Data items
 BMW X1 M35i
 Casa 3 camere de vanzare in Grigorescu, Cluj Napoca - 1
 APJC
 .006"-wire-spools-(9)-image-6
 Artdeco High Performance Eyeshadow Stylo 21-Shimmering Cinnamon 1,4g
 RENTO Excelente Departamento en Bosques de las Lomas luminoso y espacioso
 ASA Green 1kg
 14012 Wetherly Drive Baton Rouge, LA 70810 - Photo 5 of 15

--

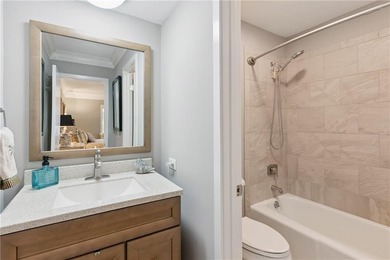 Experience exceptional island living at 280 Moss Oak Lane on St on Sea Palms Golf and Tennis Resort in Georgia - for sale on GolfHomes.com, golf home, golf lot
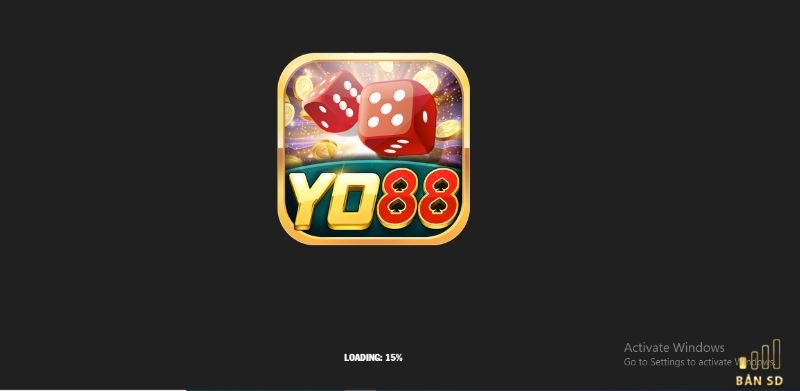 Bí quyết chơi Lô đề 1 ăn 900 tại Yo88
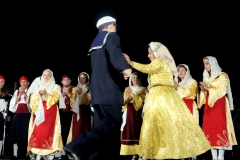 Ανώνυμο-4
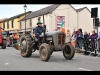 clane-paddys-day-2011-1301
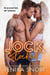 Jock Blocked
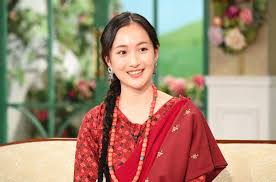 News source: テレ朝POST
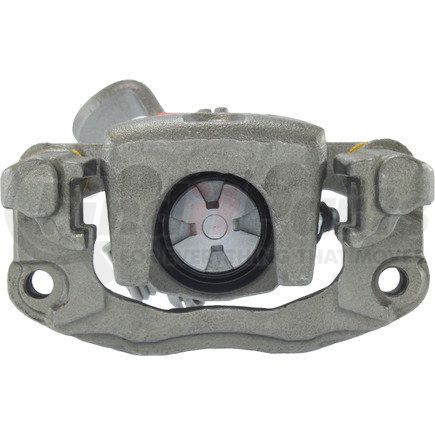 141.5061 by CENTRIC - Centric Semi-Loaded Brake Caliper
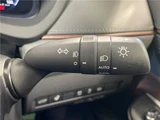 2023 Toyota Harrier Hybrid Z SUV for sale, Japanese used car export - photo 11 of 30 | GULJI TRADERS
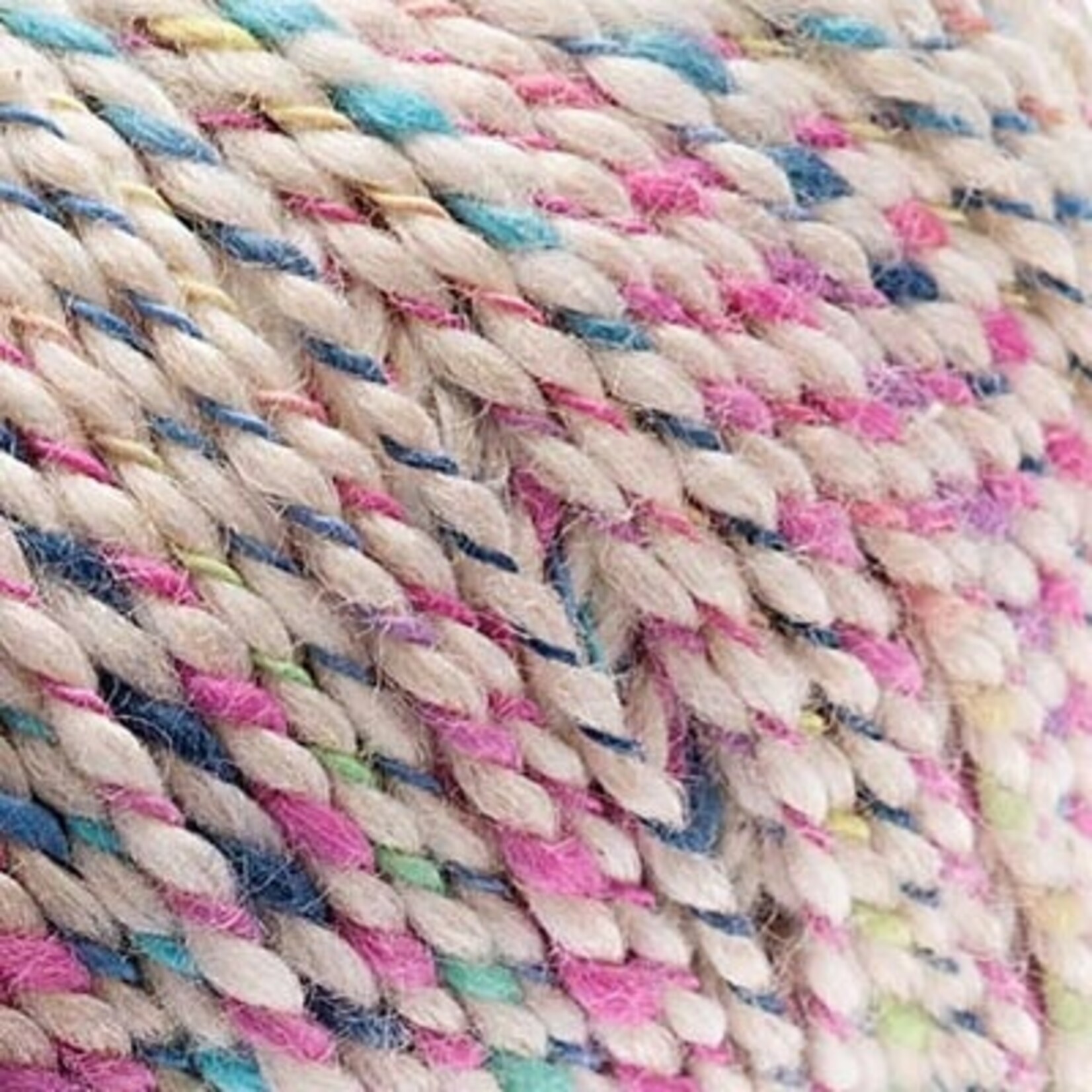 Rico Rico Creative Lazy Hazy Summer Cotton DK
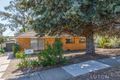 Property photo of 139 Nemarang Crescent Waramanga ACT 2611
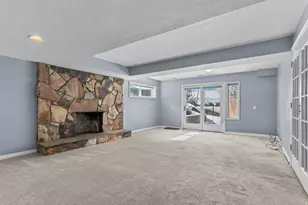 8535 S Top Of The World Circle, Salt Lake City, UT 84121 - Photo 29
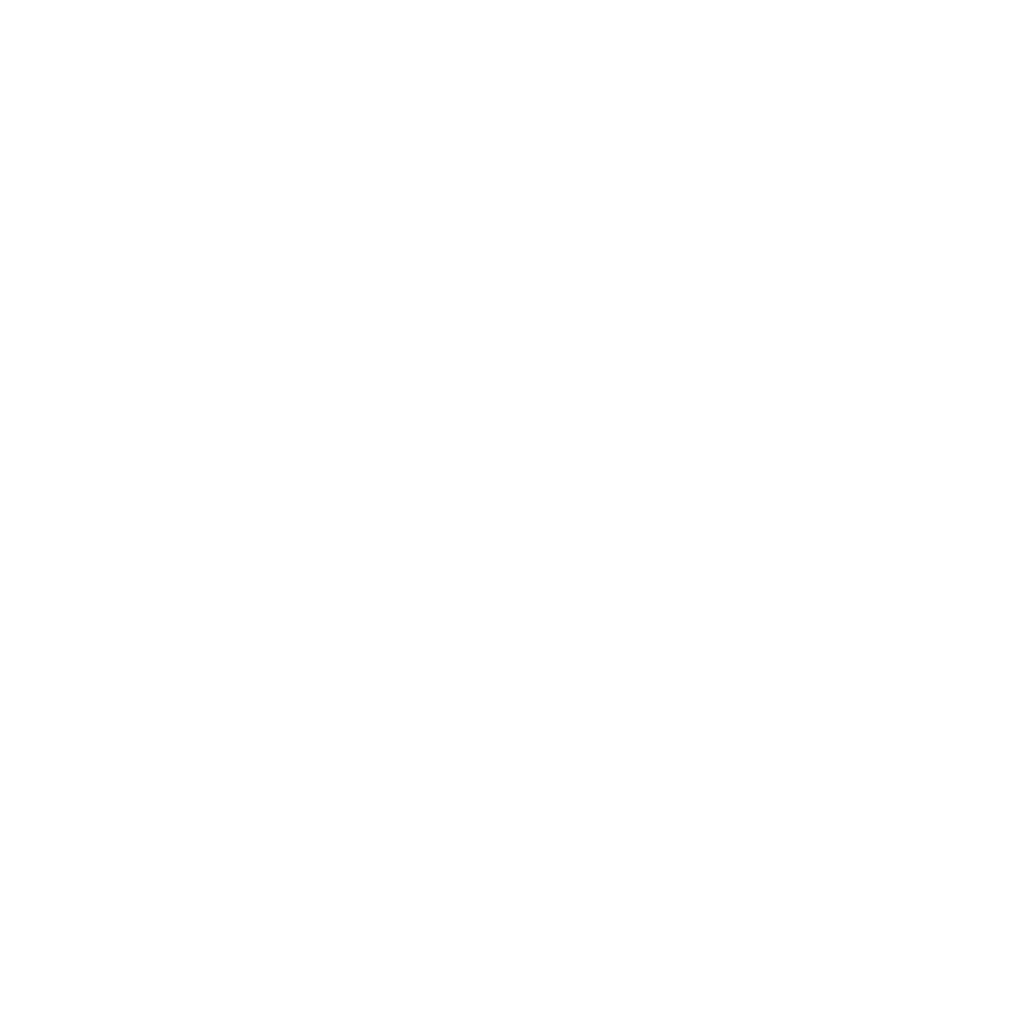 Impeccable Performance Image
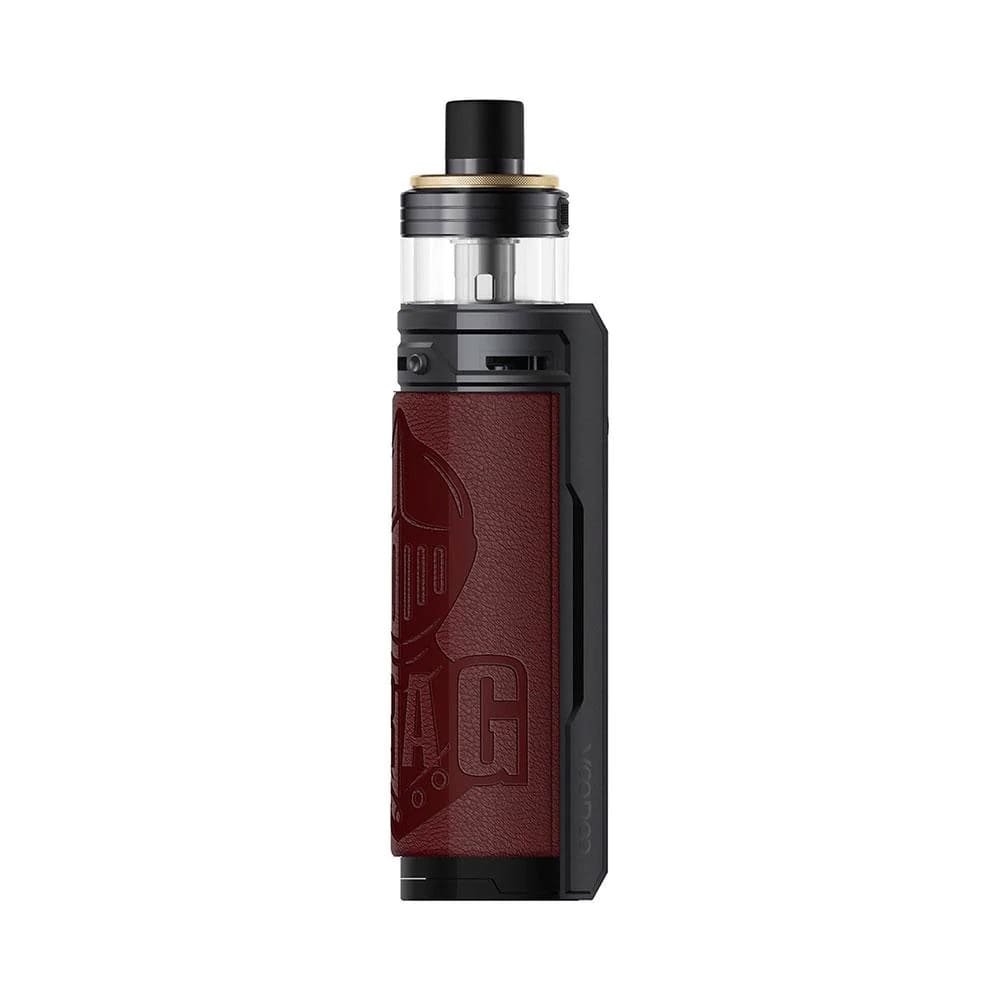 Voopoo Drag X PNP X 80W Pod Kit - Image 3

**Exercise directions**. Look above for the line with "Jock Blocked" and the line with "Voopoo Drag X PNP X 80W Pod Kit - Image 3". Give again exactly those two lines and all lines between them, pictures excluded.

**Output of the task**.
 Jock Blocked
 News source: テレ朝POST
 141.5061 by CENTRIC - Centric Semi-Loaded Brake Caliper
 2023 Toyota Harrier Hybrid Z SUV for sale, Japanese used car export - photo 11 of 30 | GULJI TRADERS
 Rico Rico Creative Lazy Hazy Summer Cotton DK
 Property photo of 139 Nemarang Crescent Waramanga ACT 2611
 8535 S Top Of The World Circle, Salt Lake City, UT 84121 - Photo 29
 Impeccable Performance Image
 Voopoo Drag X PNP X 80W Pod Kit - Image 3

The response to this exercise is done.